Hosting user uploaded files (photos, PDF, forum avatar images, etc.) opens a potential attack vector against your website. In this blog post I discuss about the common pitfalls with hosted user content and how to prevent using them as an attack vector. The blog post discusses this in Python programming language, Django web framework and Plone CMS, but the advices apply on all systems.
Table Of Content
I look the issues from the perspective of compromising user data and your server (shellcode); denial of service and other brute force attacks are not considered here. Also, web technologies which maps executable scripts to URLs, like PHP, are open for far more attack vectors which are not discussed here (prone to uploading server-side executable issues like this).
The issue list here is non-exhaustive. Please submit in the blog comments if I missed something.
1. Filename and path attacks
Letting user uploaded filenames through to the server file system from HTTP request is a subject to attack vectors both when storing the file and later when serving the file.
Do not disclose the server path where you are storing user uploaded files (full path disclose).
Do not save the user uploaded filenames on the file system as is. It’s ok to save this information separately to the database if you want to later hint the browser to save the download with the original name, as with the content-disposition header example below. Instead, use a running counter (database id), a random hex string or a hash as a name when writing the file. Counters are good, since one needs to avoid filename conflicts in any case. In Django, File Storage API takes care of filename conflicts and sanitizes the uploaded filenames, in Plone/Zope filenames are tied to the database transaction id (blobstorage).
Do not mix paths and filenames as a string operation e.g. by concatenating the upload folder path with the filename . The attacker then could use relative (..) and absolute (/) paths to overwrite any writeable file on your server.
If you cannot tie the filename to the database entry, you may want to normalize (munge) the filename before writing it to the disk. Also, non-ASCII filenames cause issues in intra-filesystem communications (backups, migrations, etc.).
Distribute user uploaded files in hashed folder structure. Do not store all the uploads in the same file system folder. Even with small amount of files (1000+) you may start overloading the file system. For example, Django web framework simply dumps all the files to the same folder by default. If possible, put all user specific content to a folder with username and then create hashes inside this folder.

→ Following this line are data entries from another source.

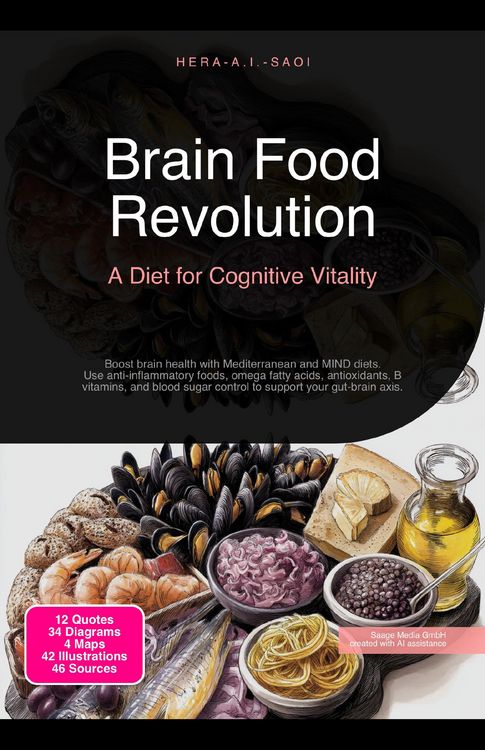 Produktbild: Brain Food Revolution: A Diet for Cognitive Vitality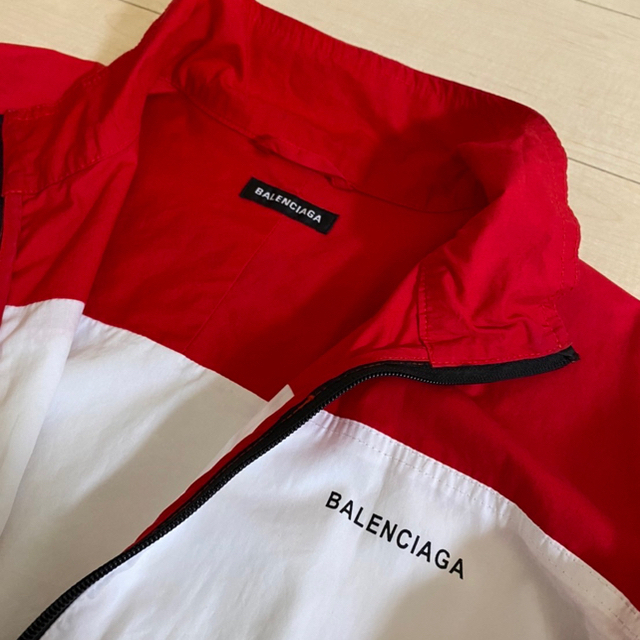 balenciaga トラックジャケット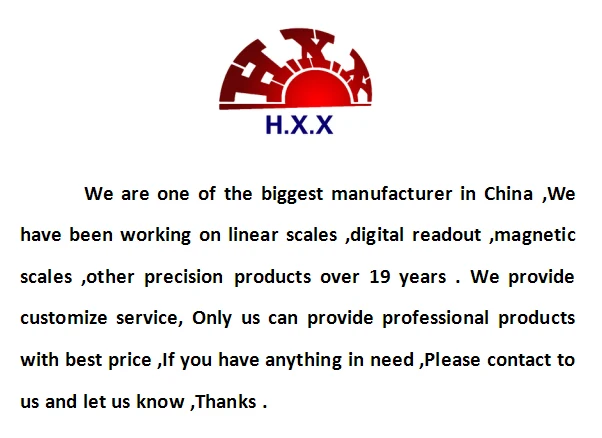 Hxx 3 оси цифровой индикации для фрезерного станка(300 мм+ 500+ 1000 мм) 1/5 micro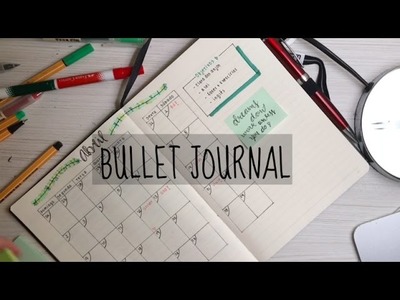BULLET JOURNAL \\ Plan with me (04)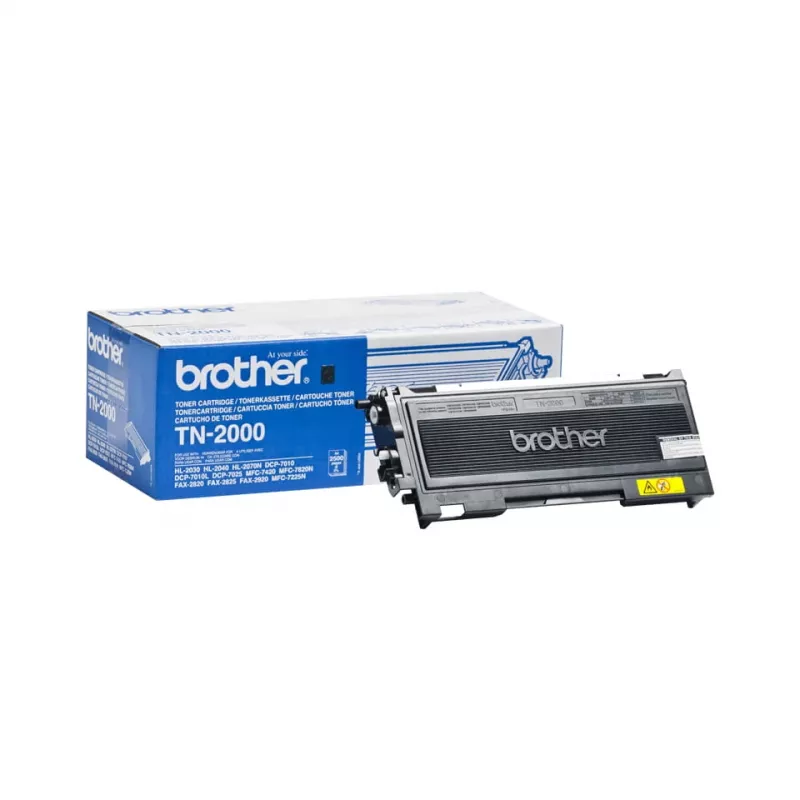 Toner Brother TN-2000 2500 stron Czarny
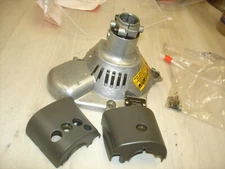 Husqvarna 327p4 clutch drum front cover      pole saw  part only bin 342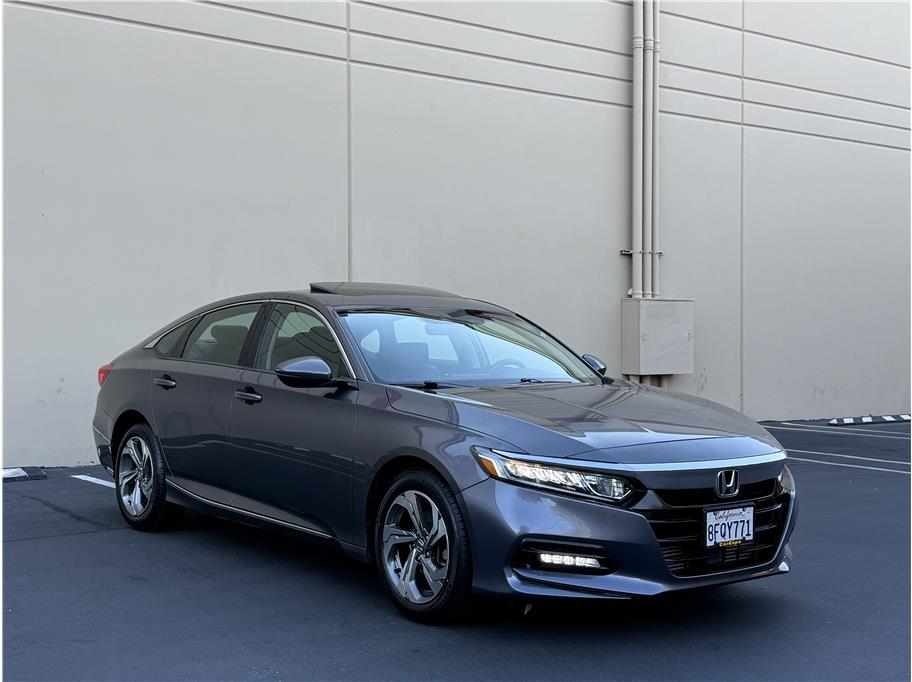 2018 Honda Accord Sedan EX-L 1.5T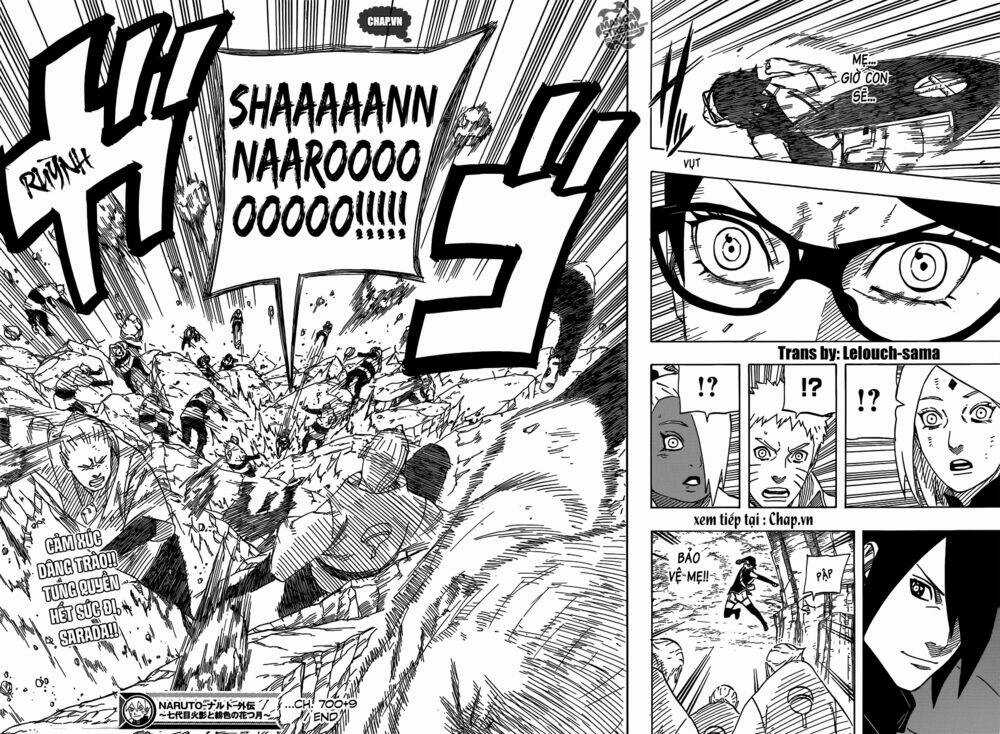 Naruto - Cửu Vĩ Hồ Ly - Chapter 700.9 - Trang 18
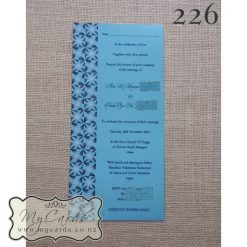 DLE Mint Green Island Pattern | Design 226
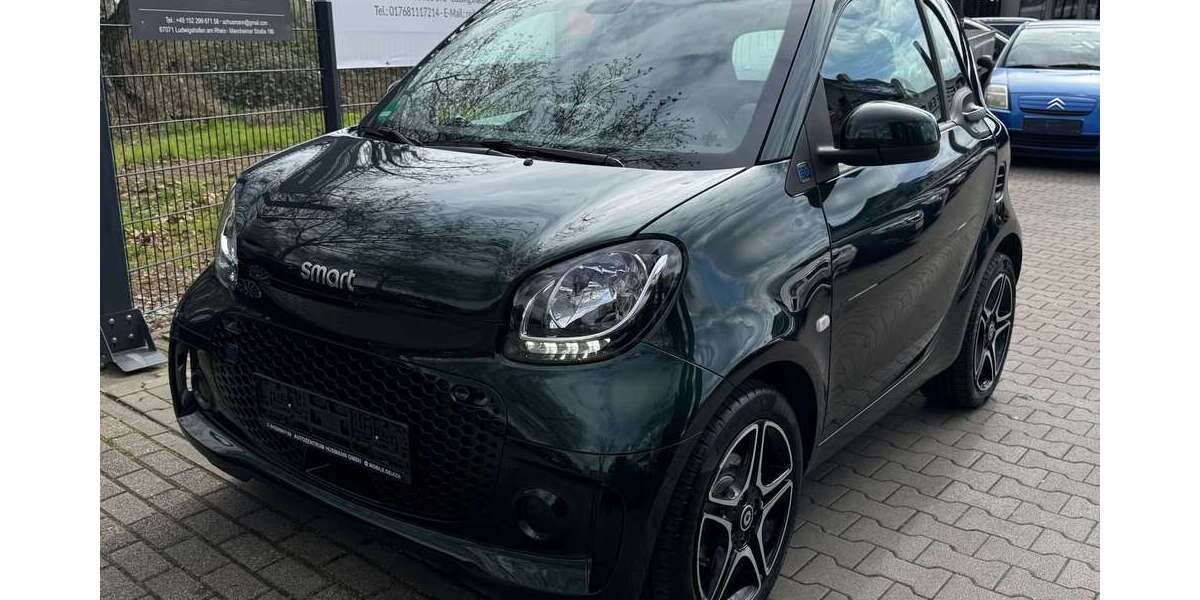 Smart forTwo 7.840 km 10.600 &euro; Ludwigshafen am Rhein 67071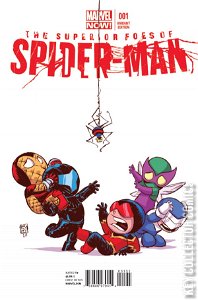 Superior Foes of Spider-Man #1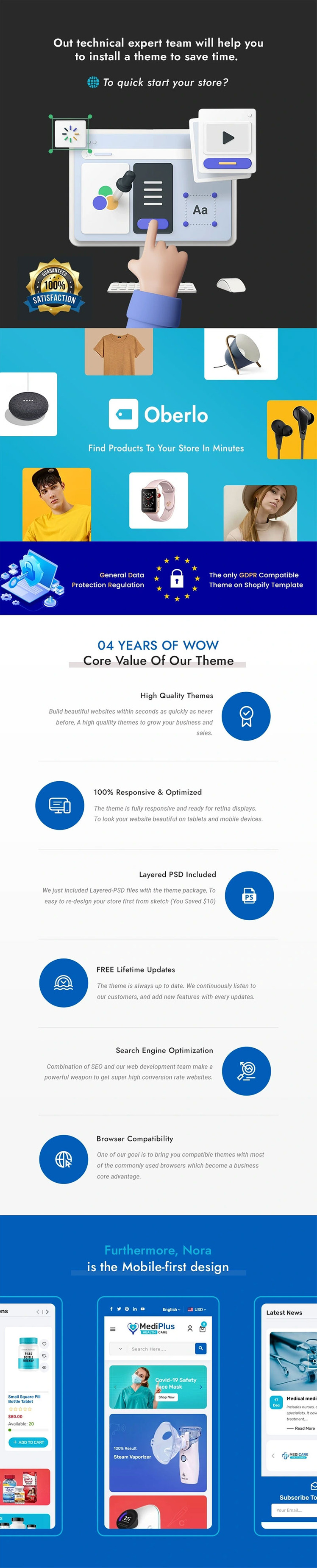 MediPlus A Medical Equipment Store Shopify OS Theme #266491-3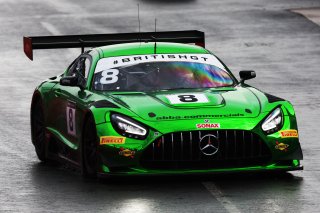 #8 Richard Neary / Sam Neary - Team Abba Racing Mercedes-AMG GT3 Evo
 | British GT/JEP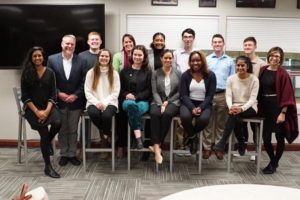 At their final presentation, the Social Impact fellow presented their work to leadership on campus.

2. Serving unsanitized documents
Downloading the user uploaded file from your server is the other side of the user content issues. Though it might not look like a potential attack vector first, due to history of HTML and HTTP, the backwards compatibility and how browsers handle downloads this is another can of worms.
Never read files from the file system by user provided filename coming in a HTTP request. Always refer files by ids stored in the database. (Relative Path Travelsal attack, Directory Traversal in Django security guide).
When serving the file, do not put user supplied filenames to download URLs as it is potential XSS attack vector. Instead, use HTTP response Content-disposition header. Just make sure your web framework is not open to a HTTP response header injection exploitby using new lines in the filename.
3. Image uploads and content decode attacks
When you are processing user uploads on the server side, e.g. by resizing images, you are open to codec bugs. Most codecs are implemented by open source C libraries which have native bindings to your run-time environment (Python, Ruby, Node.js). When you are processing the user uploaded file, the code path jumps to a native library code which is open for traditional C exploits (buffer overflow).
To reduce the attack surface, you want to limit the number codecs used on your website and only enable the codecs which you really want to support. In the case images, usually these are JPEG, GIF and PNG. Even the most common codecs can be unsafe now and then (PNG vulnerability 2012). By default, the imaging libraries may have all file formats enabled and are not picky about what they process.
File extension blacklists or whitelists are useless. Native libraries usually operate by detecting the content type from the payload. Here is example of how Python imaging library (Pillow) detects the image format. This means that even if you are allowing file uploads with .PNG extension only, the user can potentially upload a renamed SVG file; SVG has much more complex codec increasing the attack surface against your service. In Python’s case you can use python-magic to detect the actual file payload and do your own file content validation in the form validation phase. Or alternative hack Pillow by dropping out file formats from PIL.Image.OPEN registry.
If you are processing very complex files with native codecs (video, PDF, .DOC, etc.) it might make sense to run the processor in an external process with limited UNIX privileges.